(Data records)
+++
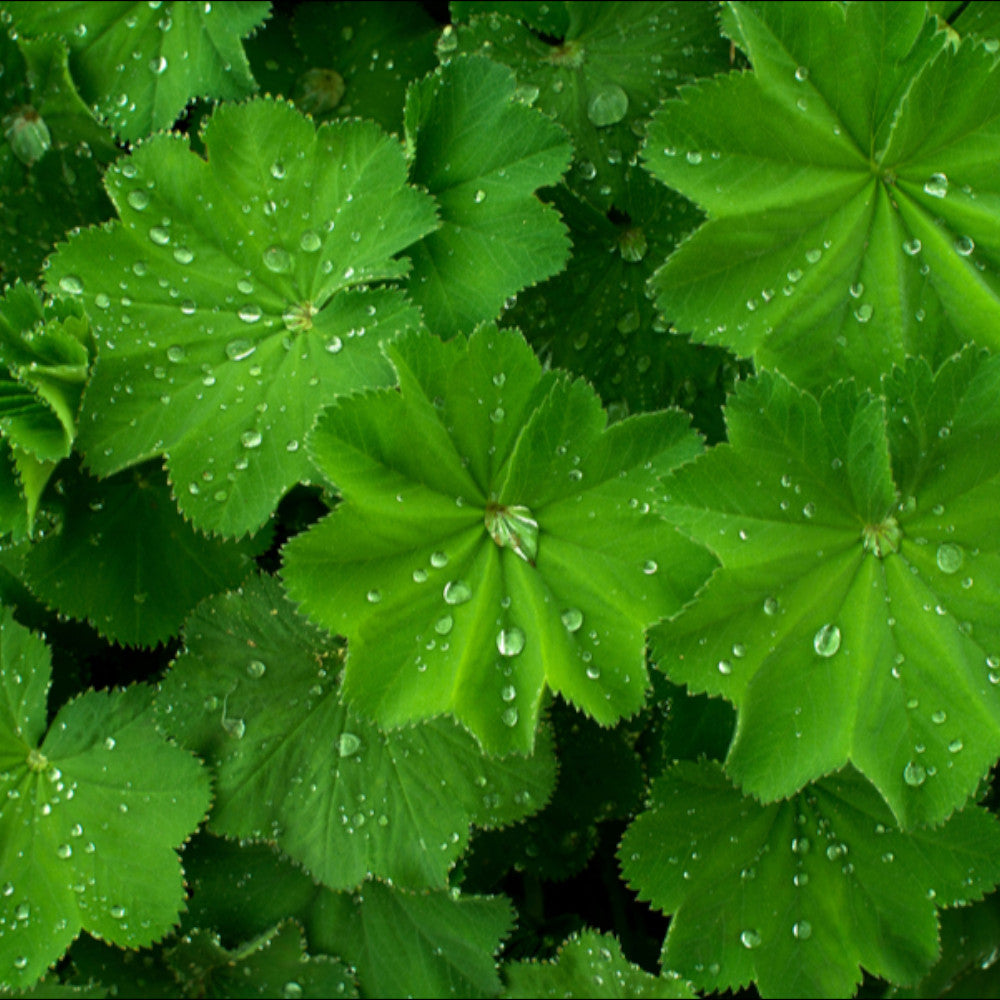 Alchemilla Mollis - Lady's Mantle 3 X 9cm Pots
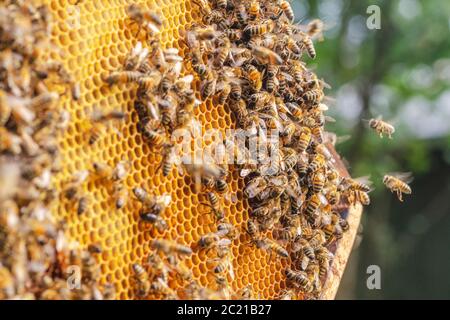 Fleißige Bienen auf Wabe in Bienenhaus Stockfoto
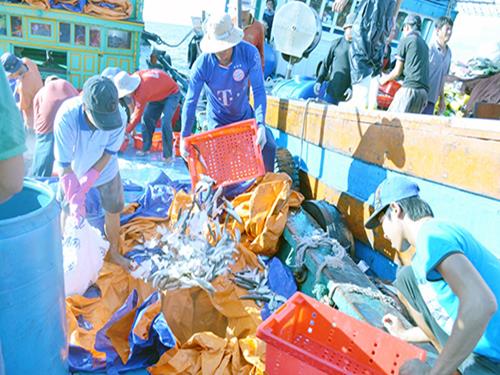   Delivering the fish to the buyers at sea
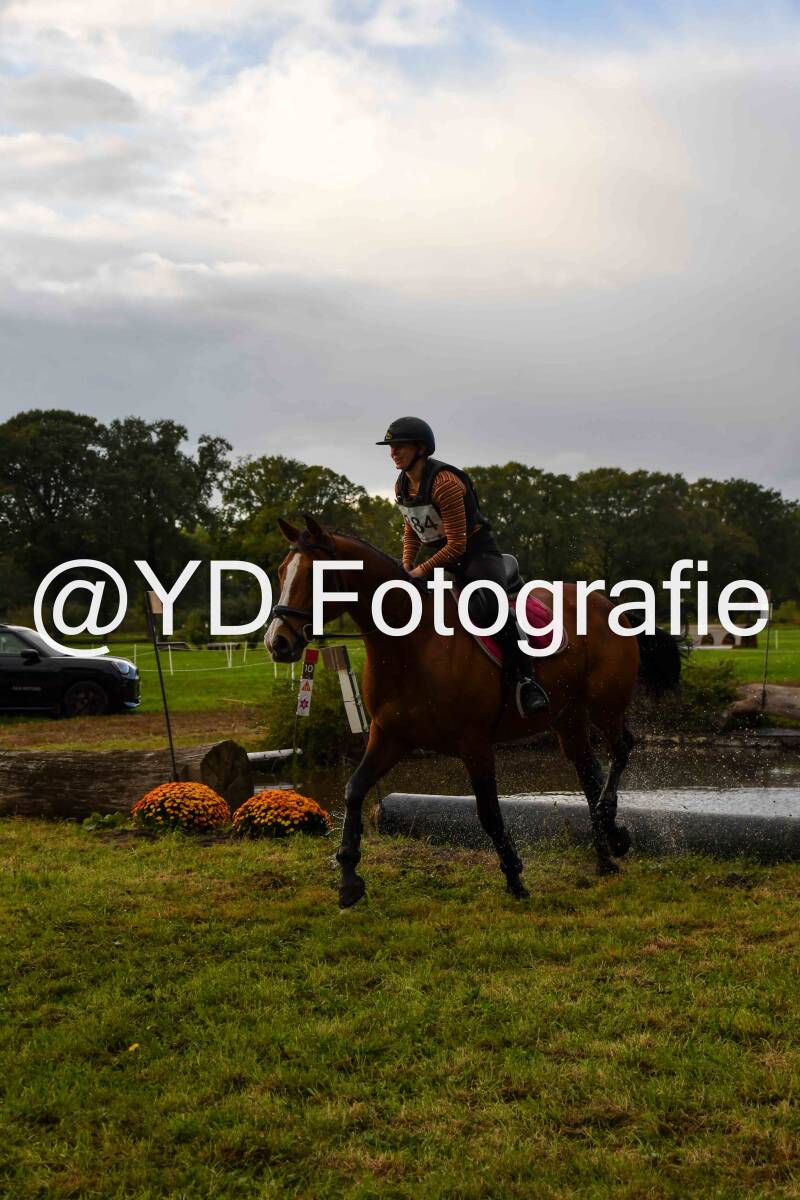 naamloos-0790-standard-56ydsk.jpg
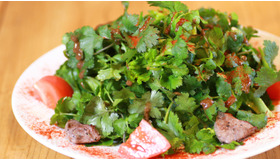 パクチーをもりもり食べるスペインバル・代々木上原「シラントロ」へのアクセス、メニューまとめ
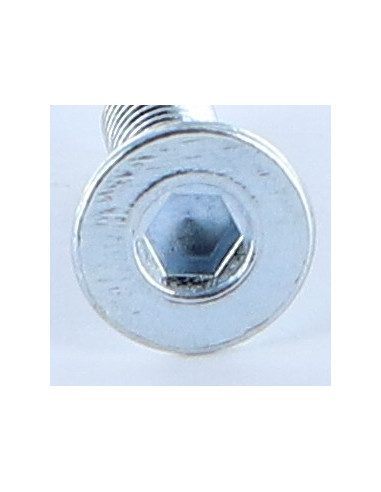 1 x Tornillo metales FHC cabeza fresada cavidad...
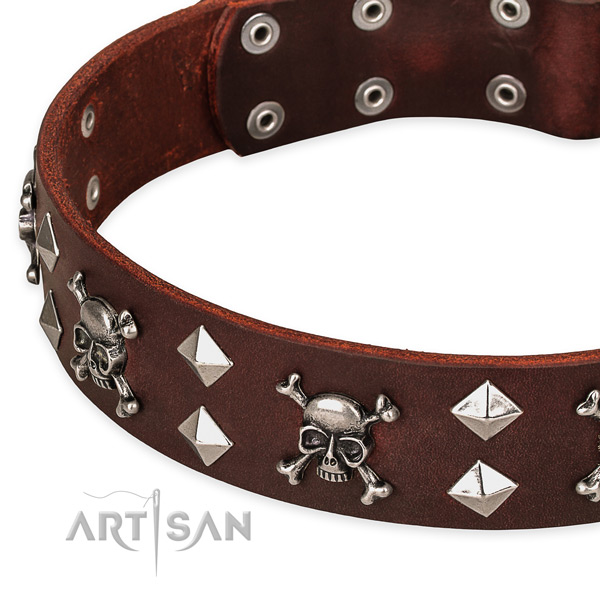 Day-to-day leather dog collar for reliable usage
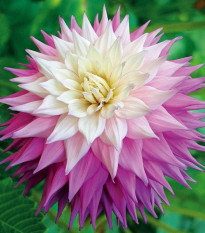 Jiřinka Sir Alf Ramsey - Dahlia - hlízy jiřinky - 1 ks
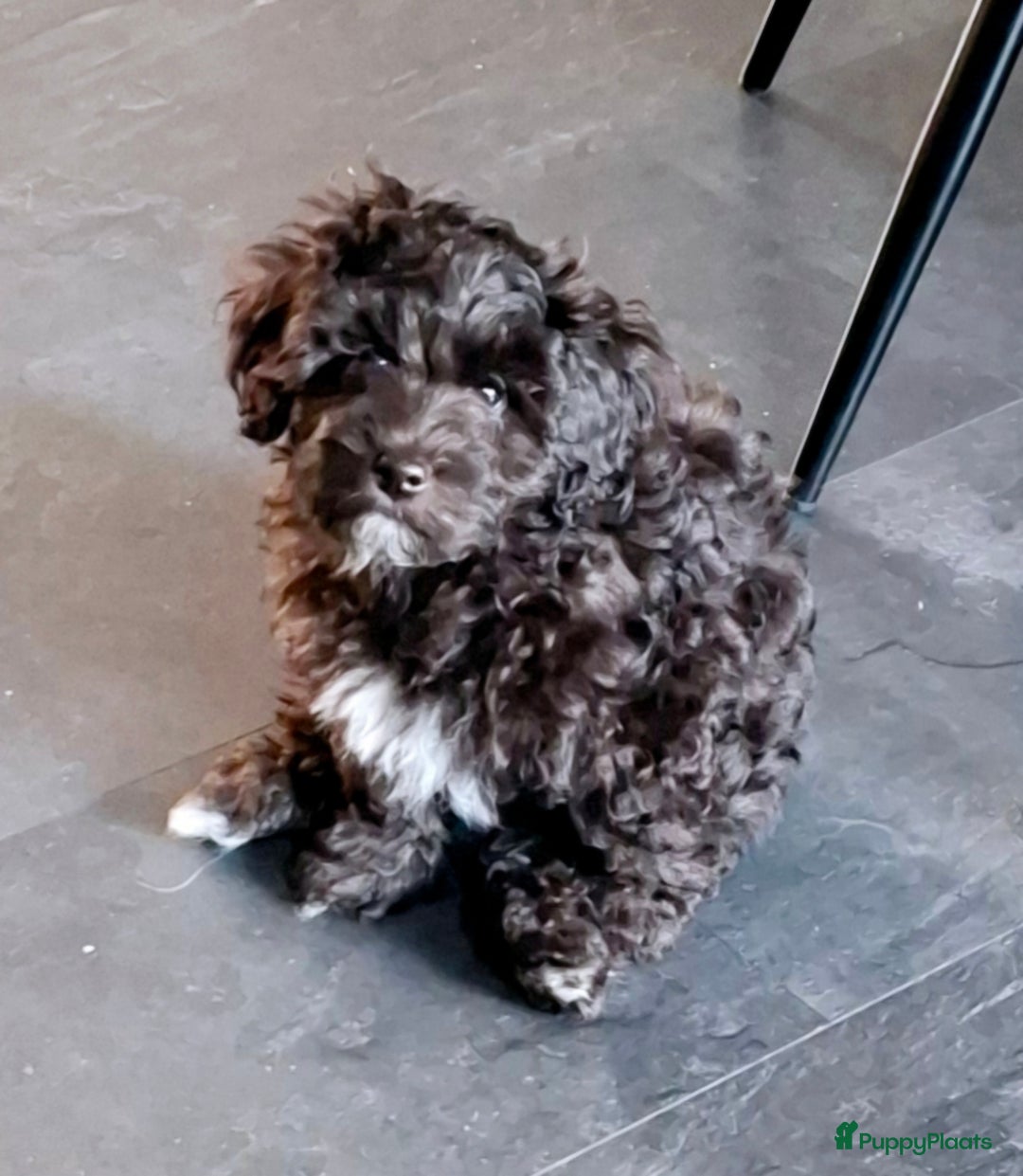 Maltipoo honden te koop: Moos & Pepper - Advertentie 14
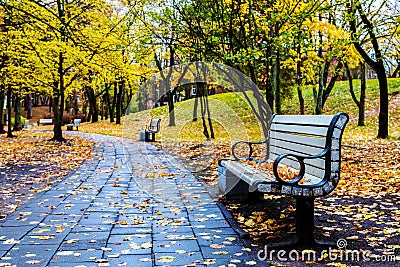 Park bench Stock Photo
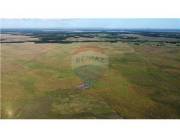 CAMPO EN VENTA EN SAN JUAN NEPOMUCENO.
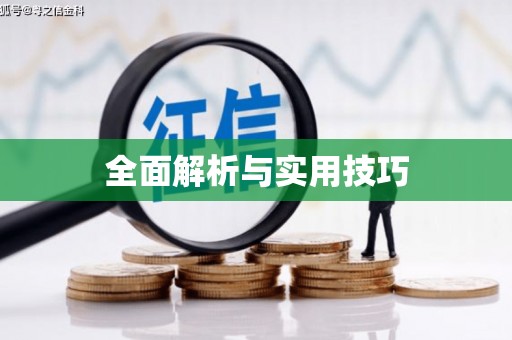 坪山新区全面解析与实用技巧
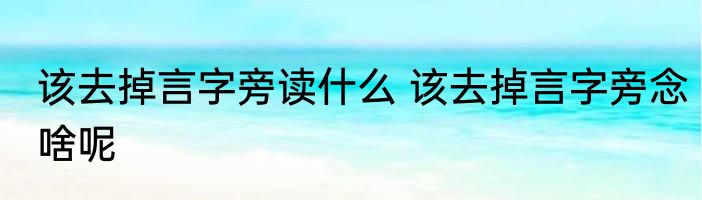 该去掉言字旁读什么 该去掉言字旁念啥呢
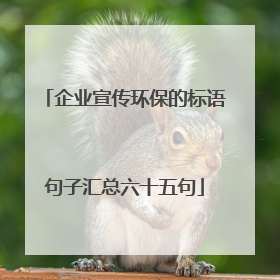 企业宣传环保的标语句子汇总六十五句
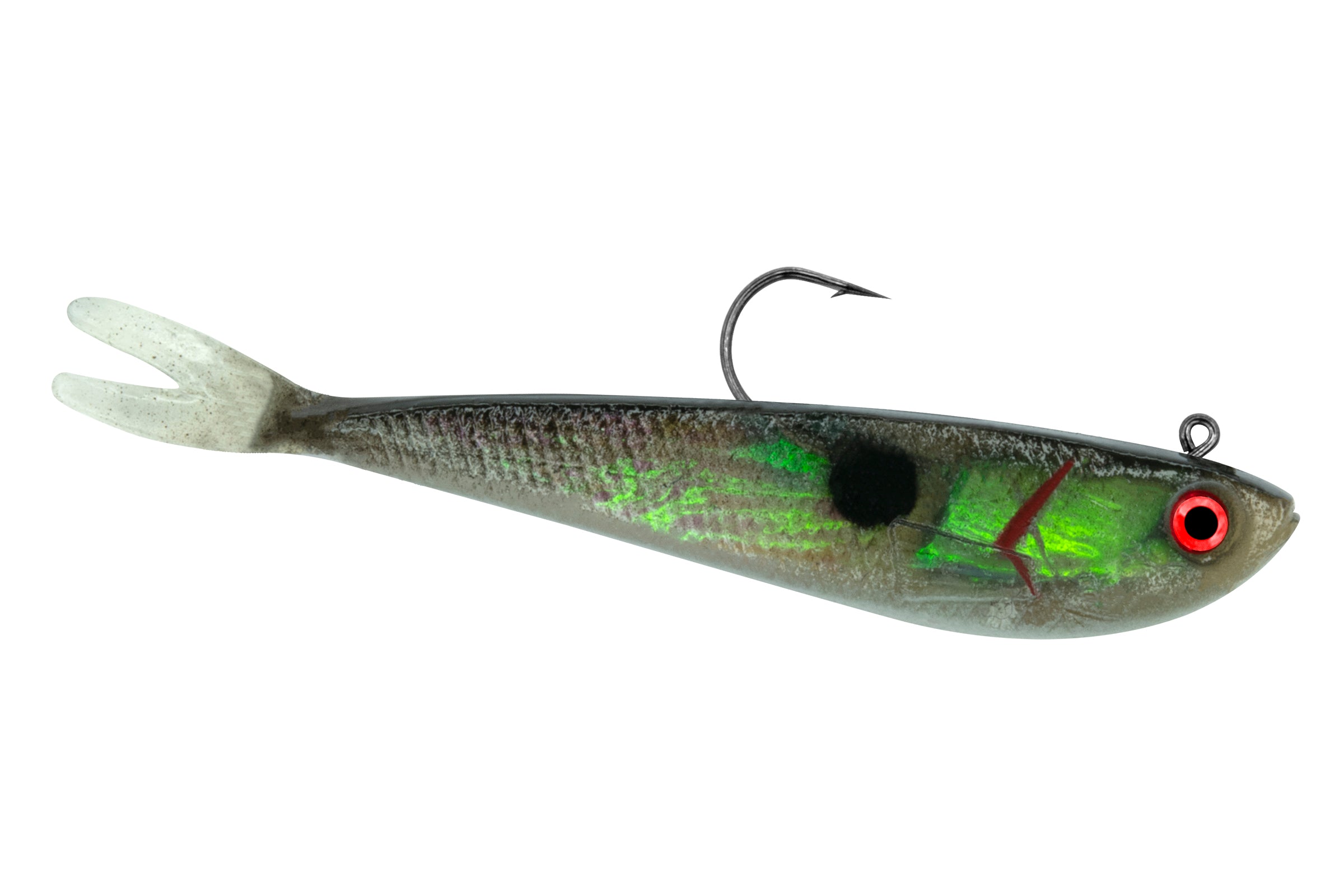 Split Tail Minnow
+++
Your task:
The data shown above must be printed again exactly, with no images included.

Answer for the task:
 Alchemilla Mollis - Lady's Mantle 3 X 9cm Pots
 Fleißige Bienen auf Wabe in Bienenhaus Stockfoto
   Delivering the fish to the buyers at sea
 naamloos-0790-standard-56ydsk.jpg
 パクチーをもりもり食べるスペインバル・代々木上原「シラントロ」へのアクセス、メニューまとめ
 1 x Tornillo metales FHC cabeza fresada cavidad...
 Day-to-day leather dog collar for reliable usage
 Jiřinka Sir Alf Ramsey - Dahlia - hlízy jiřinky - 1 ks
 Maltipoo honden te koop: Moos & Pepper - Advertentie 14
 Park bench Stock Photo
 CAMPO EN VENTA EN SAN JUAN NEPOMUCENO.
 坪山新区全面解析与实用技巧
 该去掉言字旁读什么 该去掉言字旁念啥呢
 企业宣传环保的标语句子汇总六十五句
 Split Tail Minnow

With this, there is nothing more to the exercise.